Tijdens het onderzoek werden in totaal 800 mensen ondervraagd uit drie verschillende bevolkingsgroepen: Joden, ultra-orthodoxe burgers, en Arabieren.
Tweederde van Joodse respondenten en meer dan de helft van de ondervraagde Arabieren vindt dat de overheid een drijvende kracht moet zijn in de ontwikkeling van sociale programma's. Onder de ultra-othodoxen vindt een kleine 40% dat de filantropie een belangrijke aanvullende rol heeft op de overheid. Joden en Arabieren zijn het in overgrote meerderheid met deze stelling eens.
Opvallend is dat 70% van de Joodse ondervraagden denkt dat filantropie ontspruit uit persoonlijke motieven als bijvoorbeeld het verkrijgen van meer politieke macht en het oppoetsen van reputaties.
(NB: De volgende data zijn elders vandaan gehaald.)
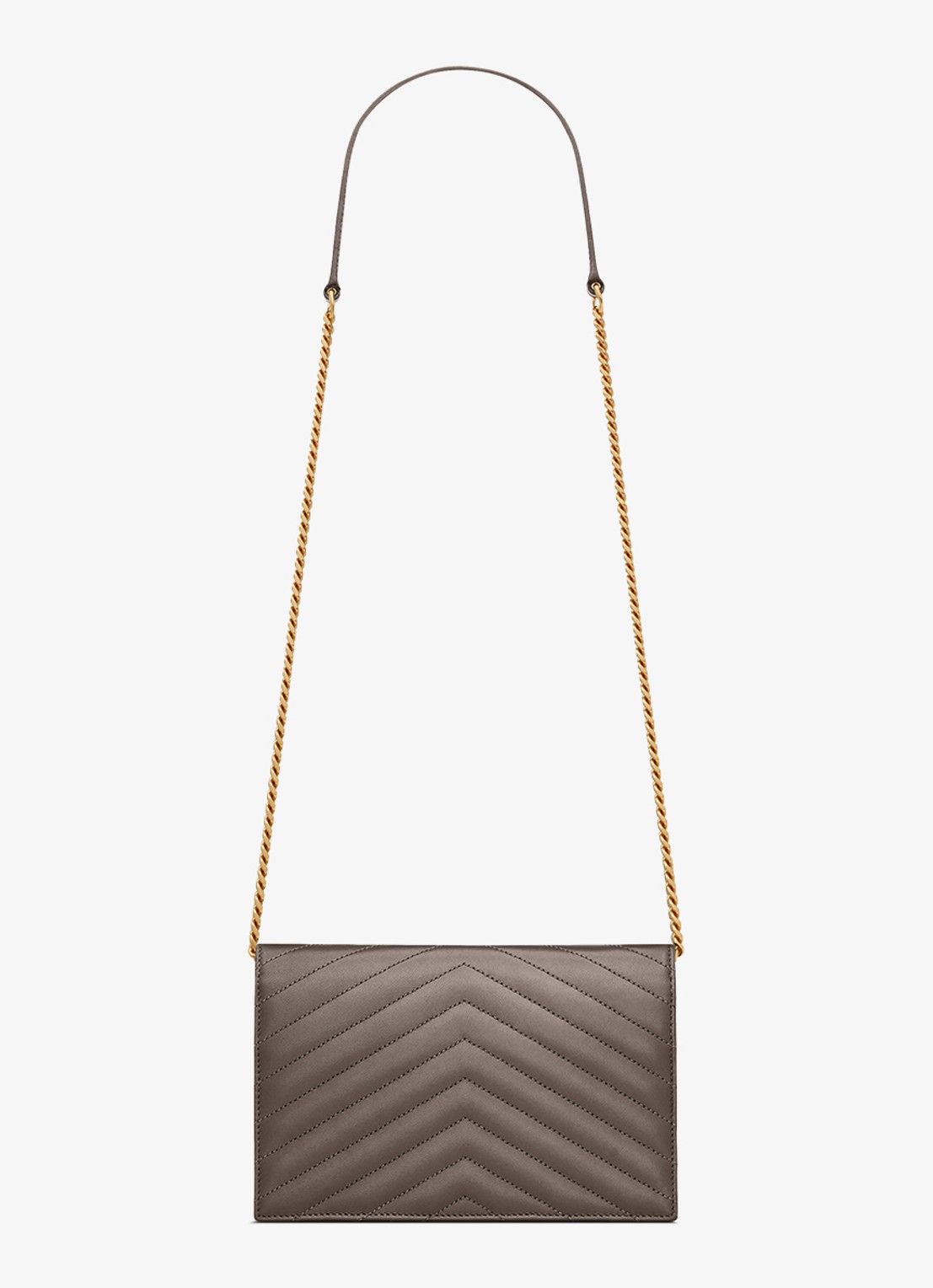 Saint Laurent Cassandre Envelope clutch van lamsleer met afneembare schouderriem - achterkant 5 grijs
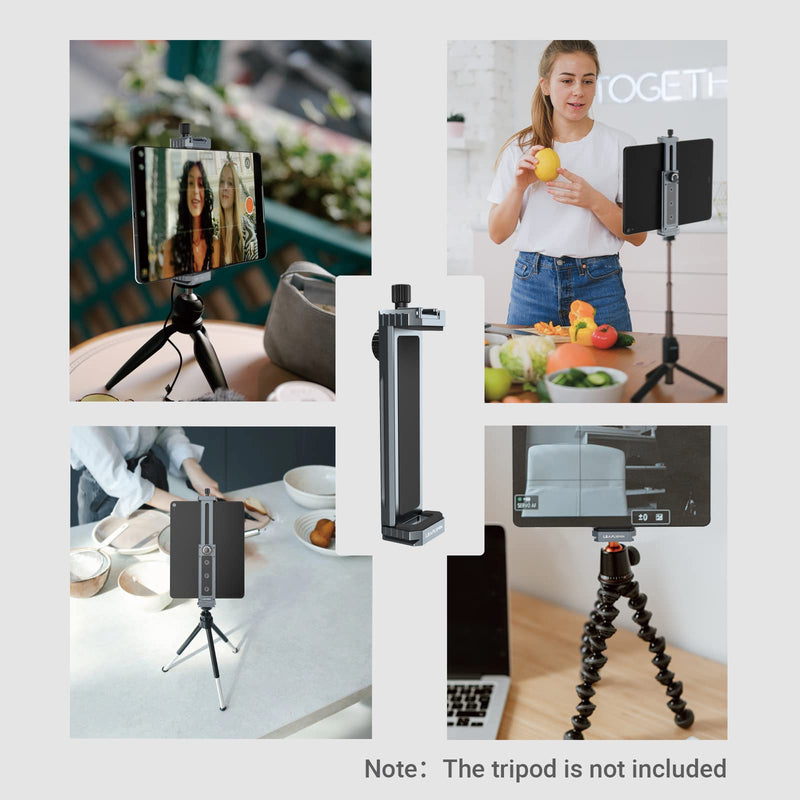 Leaplumin Ipad 12.9 Tripod Mount Adapter, Aluminum Ipad Holder for Tripod Mount,Tablet Tripod Mount with 1/4" Screw,Universal Tripod Mount for Ipad,Compatible with Ipad Pro 12.9/11/10.5-(4.7"-12.9")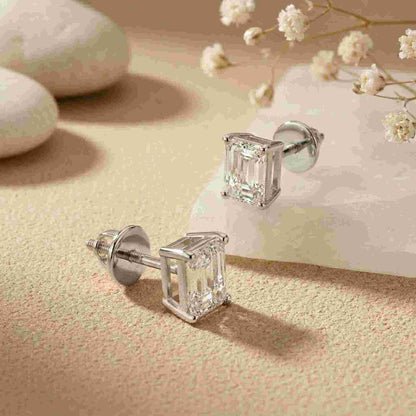 2.5Ct Moissanite Emerald Cut Solitaire Stud Earrings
De andere twee ondervraagde groepen zijn in dit opzicht minder wantrouwend.
Ook de houding van het publiek ten opzichte van overheid en filantropie in de Tweede Libanon-oorlog werd onderzocht. Hier blijkt de helft van de Joden positief te zijn, de andere helft denkt dat filantropische organisaties de oorlog als opstapje hebben gebruikt om hun status in de Israëlische maatschappij te verbeteren. Ook hier blijken de Arabieren positiever: 60% noemt de rol van filantropische organisaties tijdens de oorlog essentieel.